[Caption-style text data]
━━━━━━━━━━━━━━━━━━━━━━━━━━━━━━

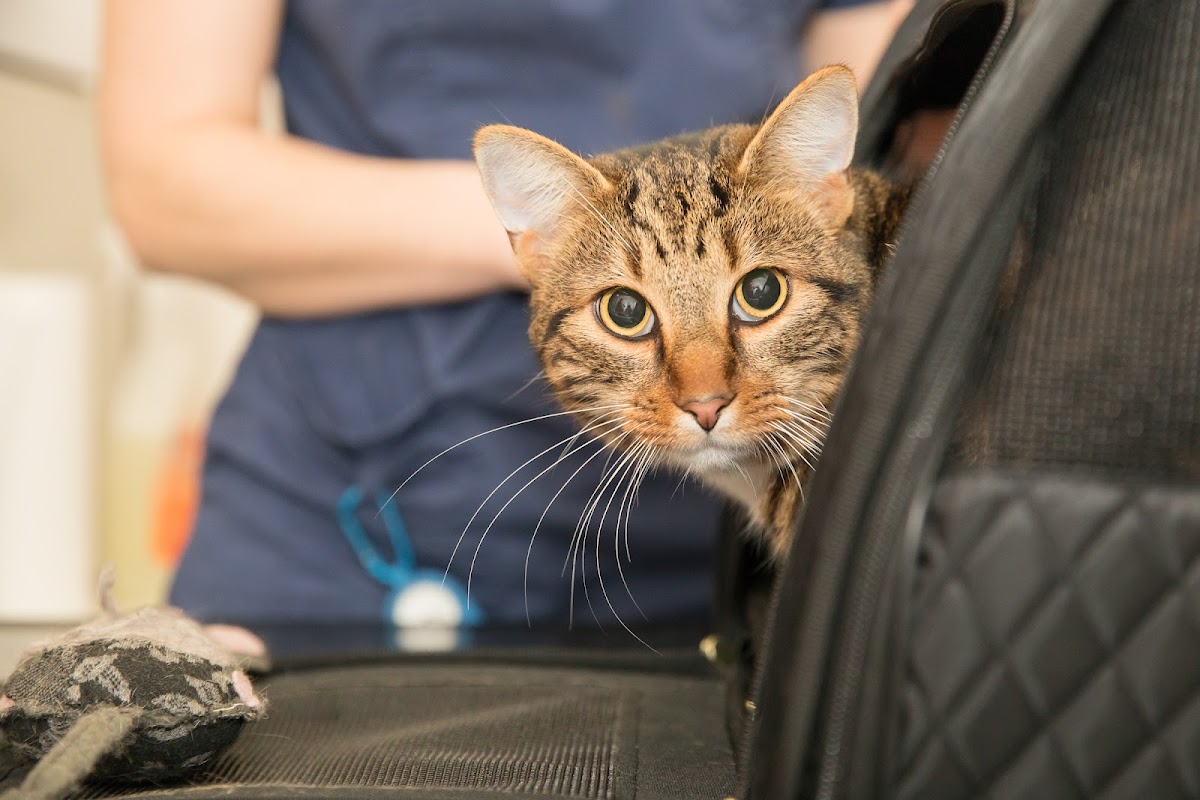 Thanet Cattery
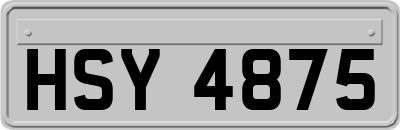 HSY4875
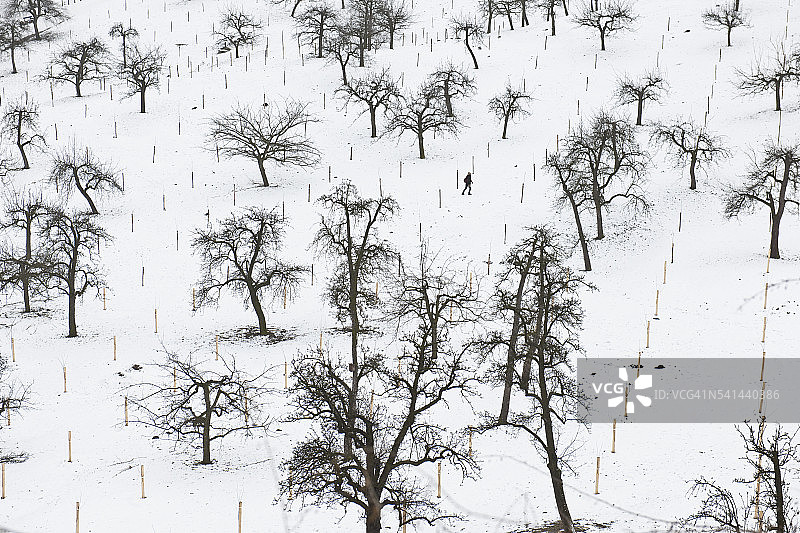 捷克共和国布拉格洛布科维茨花园图片素材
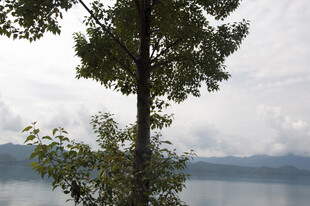 湖畔孤树 静享自然之美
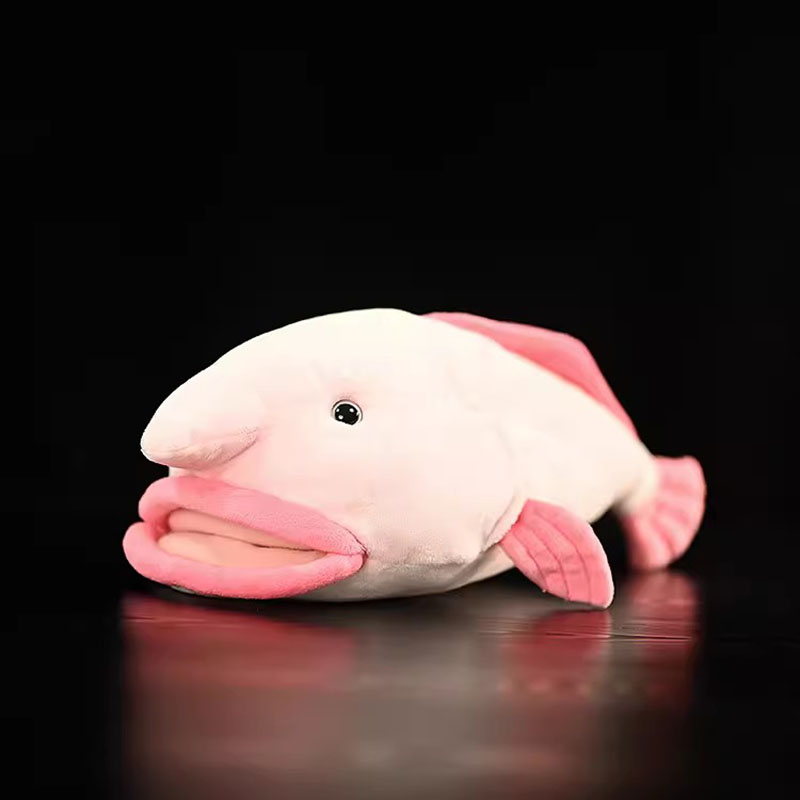Aquarium And Marine Museum - 시뮬레이션 동물 Blobfish 바다 바다 추악한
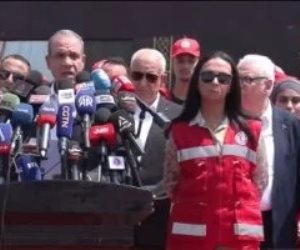 وزير الخارجية: مصر بقيادة الرئيس السيسي لن تدخر جهدا في دعم الشعب الفلسطيني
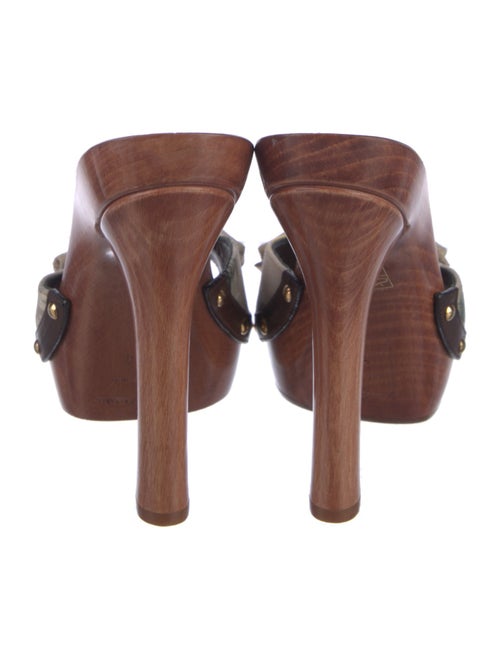 Dolce & Gabbana Canvas Floral Print Mules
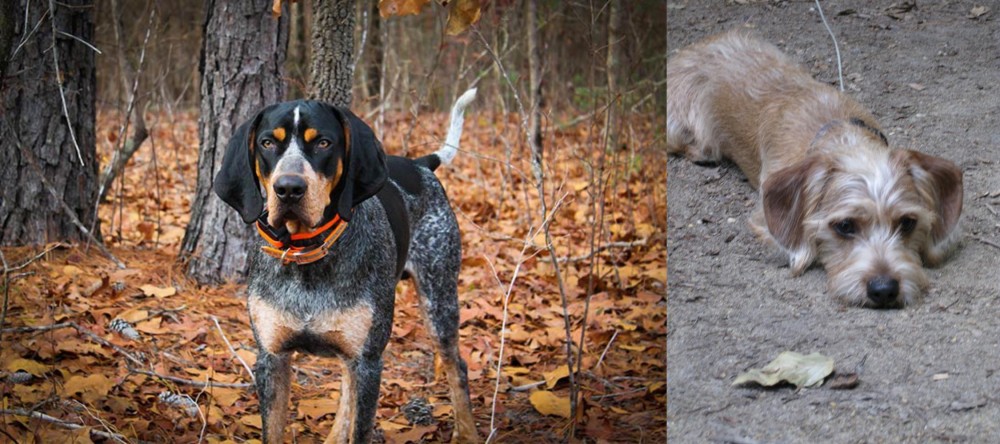 Schweenie vs Bluetick Coonhound - Breed Comparison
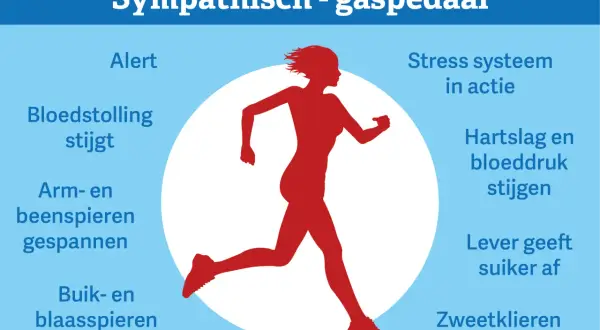 Rode silhouet van een rennende persoon, met tekst die de effecten van een **sympathisch zenuwstelsel overprikkeld** beschrijft, zoals verhoogde hartslag en alertheid.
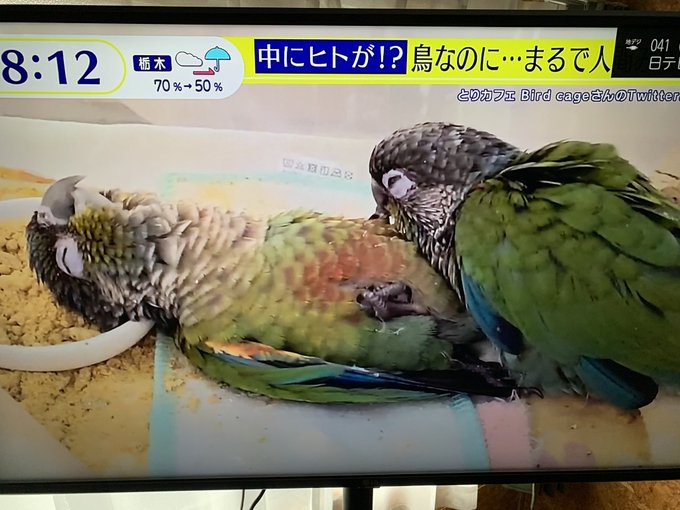 フェラ⁉️ https://t.co/iLLFEuE7AQ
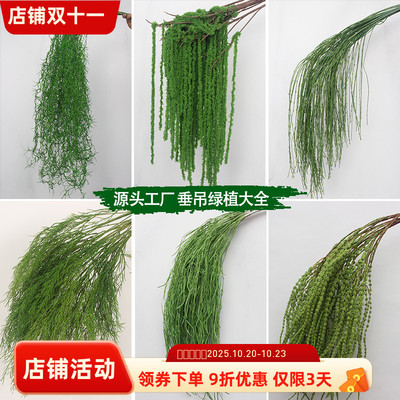 森系花艺莫奈风垂吊绿植背景挂花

━━━━━━━━━━━━━━━━━━━━━━━━━━━━━━

Exclude all images and restate the records above word for word.

 Thanet Cattery
 HSY4875
 捷克共和国布拉格洛布科维茨花园图片素材
 湖畔孤树 静享自然之美
Aquarium And Marine Museum - 시뮬레이션 동물 Blobfish 바다 바다 추악한
 وزير الخارجية: مصر بقيادة الرئيس السيسي لن تدخر جهدا في دعم الشعب الفلسطيني
 Dolce & Gabbana Canvas Floral Print Mules
 Schweenie vs Bluetick Coonhound - Breed Comparison
 Rode silhouet van een rennende persoon, met tekst die de effecten van een **sympathisch zenuwstelsel overprikkeld** beschrijft, zoals verhoogde hartslag en alertheid.
 フェラ⁉️ https://t.co/iLLFEuE7AQ
 森系花艺莫奈风垂吊绿植背景挂花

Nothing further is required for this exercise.